The data below contains pictures, which are to be skipped; the lines starting at the line with "Cartão De Festividades" and ending at the line with "Clarks Roseville Step" are to be output exactly, both ends included.

#### Given entries

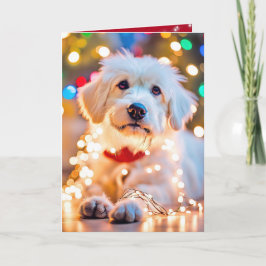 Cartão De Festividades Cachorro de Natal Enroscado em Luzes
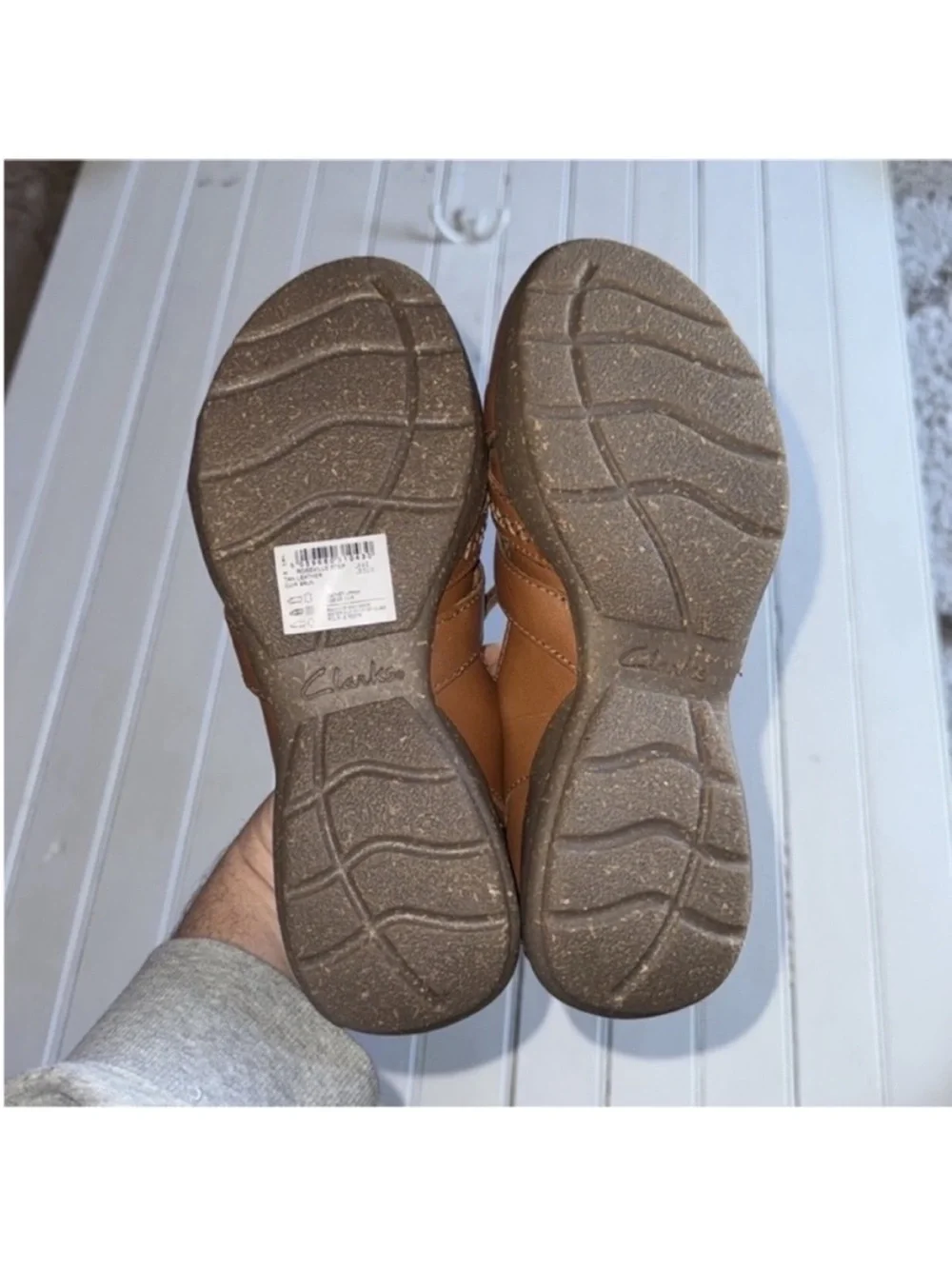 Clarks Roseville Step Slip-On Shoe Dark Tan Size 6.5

########
#### Given entries

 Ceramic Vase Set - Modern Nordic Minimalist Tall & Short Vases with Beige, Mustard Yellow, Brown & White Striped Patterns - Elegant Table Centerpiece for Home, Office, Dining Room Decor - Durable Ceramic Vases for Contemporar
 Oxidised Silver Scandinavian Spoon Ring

########

Exercise output
 Cartão De Festividades Cachorro de Natal Enroscado em Luzes
 Clarks Roseville Step Slip-On Shoe Dark Tan Size 6.5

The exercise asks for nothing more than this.